In my line of work, it’s a common occurrence to run into founders who are no longer involved in the successful companies they built. At first glance, a departed founder from a successful company seems like an anathema. After all, venture capital firms these days are each falling over each other to position themselves as “founder friendly.” Given that most founders will only create one company, one might surmise that such founders are loath to depart from their greatest moment in the sun. Nonetheless, I probably find myself chatting with a departed founder of a successful company each week.
The conversation with the departed founder experience is often bittersweet. These departed founders are proud of what they built, but you can often detect a distinct hint of sadness in their voice.
After listening to many of these stories, I have concluded that there are fundamentally four archetypes for the departed founder.
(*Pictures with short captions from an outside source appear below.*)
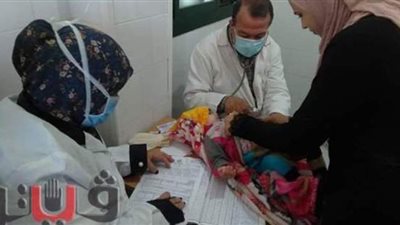 قافلة طبية تضم 10 عيادات بقرية بكفر الشيخ | صور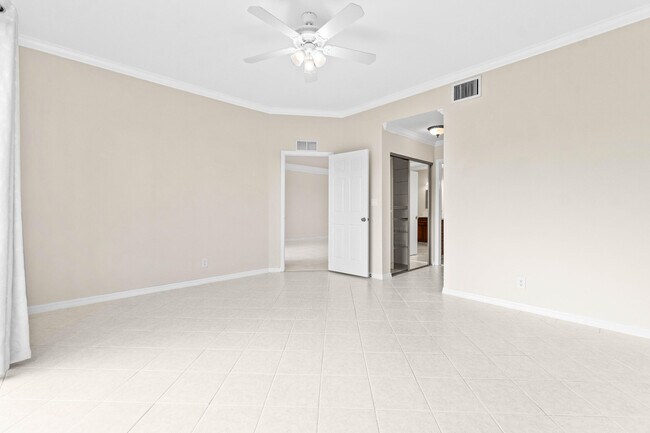 Building Photo - 5465 Monterey Cir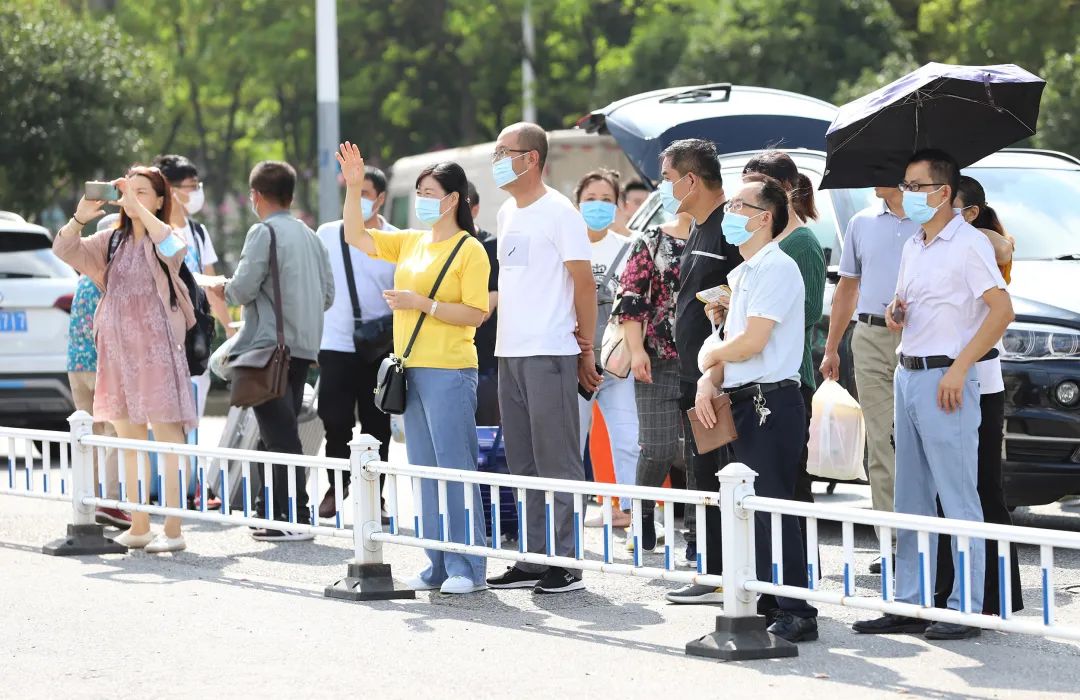 萌新你好 | 终于等到你！2020江苏大学新生报到现场直击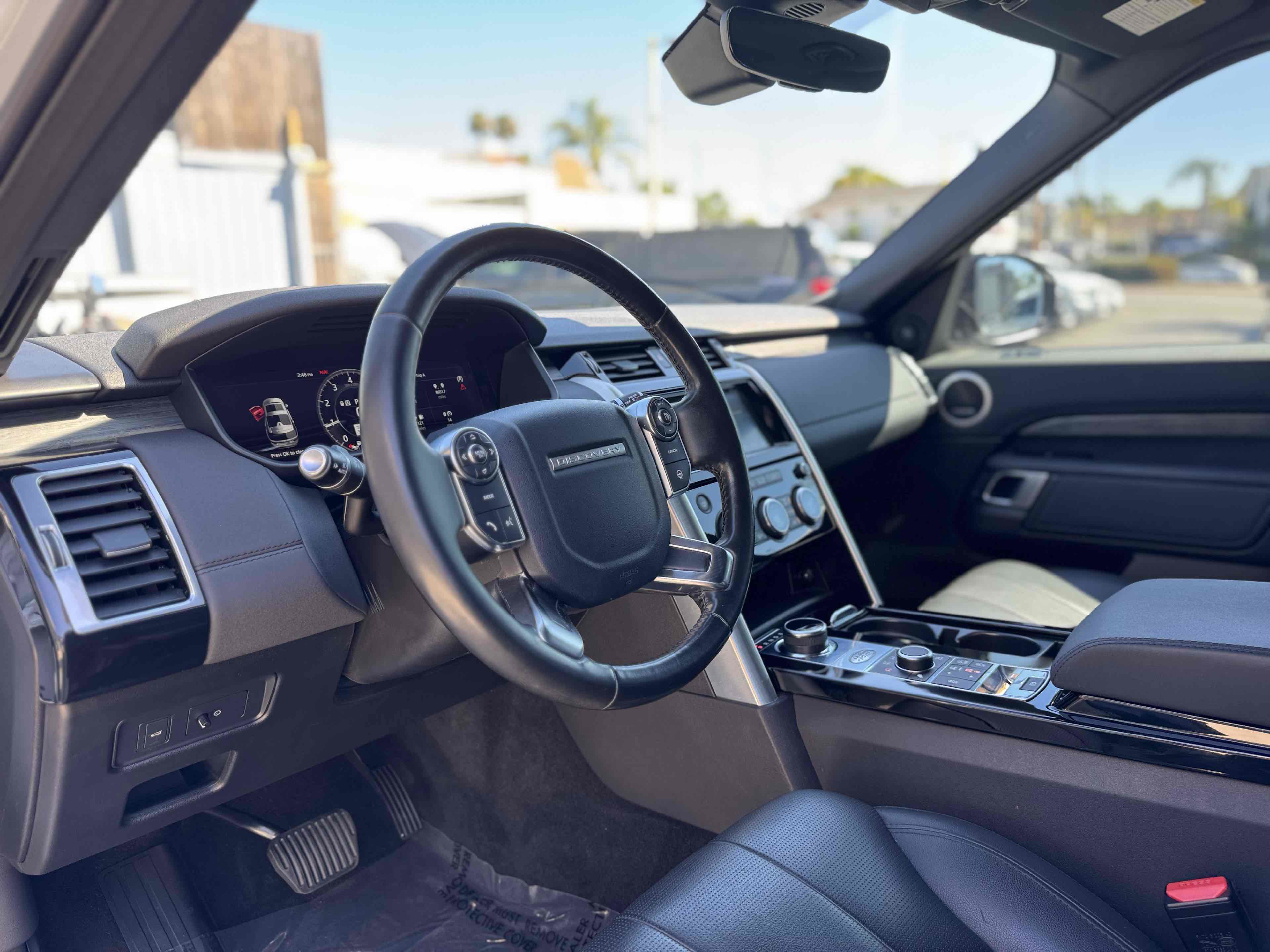 Used 2018 Land Rover Discovery HSE AWD/4WD image 12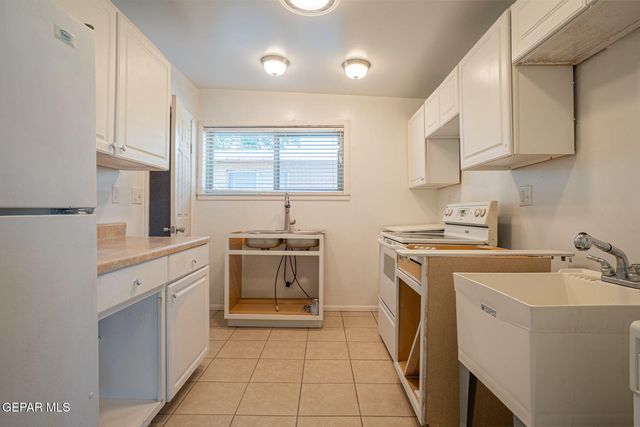 9500 BEALS Drive, El Paso, TX 79924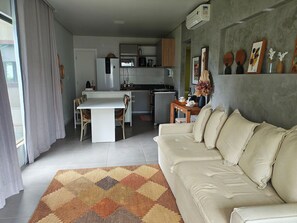 Basic-Apartment | Wohnbereich | 32-Zoll-Smart-TV mit Digitalempfang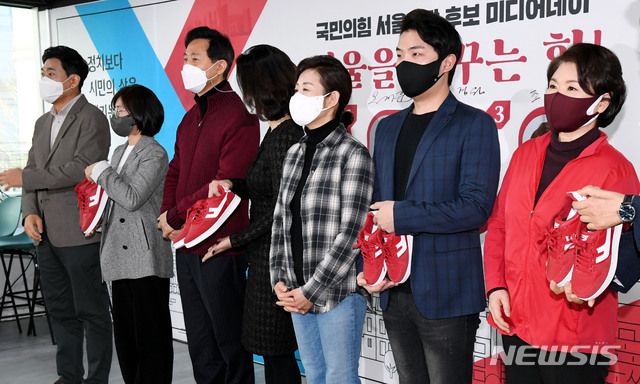 [서울=뉴시스]국회사진기자단 =  국민의힘 서울시장 후보 예비경선을 통과한 오신환-오세훈-나경원-조은희 후보가 8일 서울 여의도 국민의힘 중앙당사에서 열린 서울시장 선거 본경선 미디어데이에 참석해, 경선 후보자 기호 추첨을 마친 뒤 빨간 운동화를 착용하고 있다. 2021.02.08. photo@newsis.com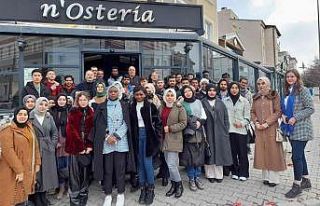Yabancı öğrenciler kahvaltıda bir araya geldi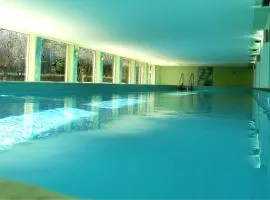 JÜRGEN Haus KMB Seeappartement am Ossiacher See, Hallenbad, Skiarena Gerlitzen
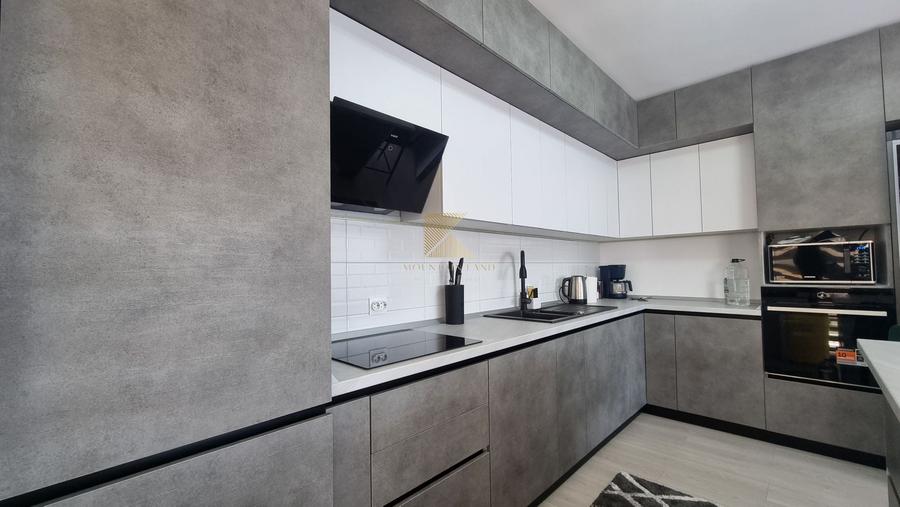 Apartament cu 2 camere decomandat în Cristian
1. The Co-Founder (in name only): When a company starts, there are commonly two or three “founders” but one person may have more control and ownership than the others. The line separating the founding team from the first employee is often unclear. Often there is a main founder, and he or she uses the founder title to acquire free work from friends during a project’s embryonic stage. After all, founders don’t get paid. These “junior” founders rarely seem to last through Series B or C. As a company succeeds, the company attracts investors and talent. The senior founder finds that he can upgrade talent. Then, the junior founders are either shown the door or frustrated with their diminished role.
2. The Wrong Investor: Each “how to” list published by a VC or an entrepreneur contains an exhortation for entrepreneurs to conduct back channel references. Yet, so often, all it takes is a good brand name and the entrepreneur forgets this crucial step in the process. If a company is successful, the wrong kind of early investor can see that they can get more credit if they push the founder out. This rare situation can occur especially when the founder is young and the investor can demand “adult supervision.” This doesn’t happen often, but it happens.
3. The Portfolio Founder: A portfolio founder is one who, from the beginning, is at peace with their exit and knows they will bring in a manager/partner sooner rather than later to play the front man. They see that most of the value is created in the first few years and after that, after product/market fit, the issue is usually execution. Their goal is to get the huge early slug of equity and then let others carry the ball once the idea has found market validation. After a decade or so, these founders have amassed a portfolio of equity positions using other people’s money. As an investor, one has to have some respect for the kind of founder that can pull this off.
4. The Chief Strategy Officer: Its not uncommon for a founder to bring in a CEO to scale revenue towards a significant exit. When this occurs, some founders are kings without a kingdom and are given the title Chief Strategy Officer. Let’s be honest here: there is no such thing as a Chief Strategy Officer. That job is the entrepreneurial equivalent of being the Vice President. The title and role exists to keep the founder tightly by the CEOs side to take on whatever idiosyncratic projects arise. If the founder is a great utility infielder, and checks his ego at the door, the role can work. Often, however, “CSO/Founders” resign eventually and, since the job is not a real job, they are not replaced.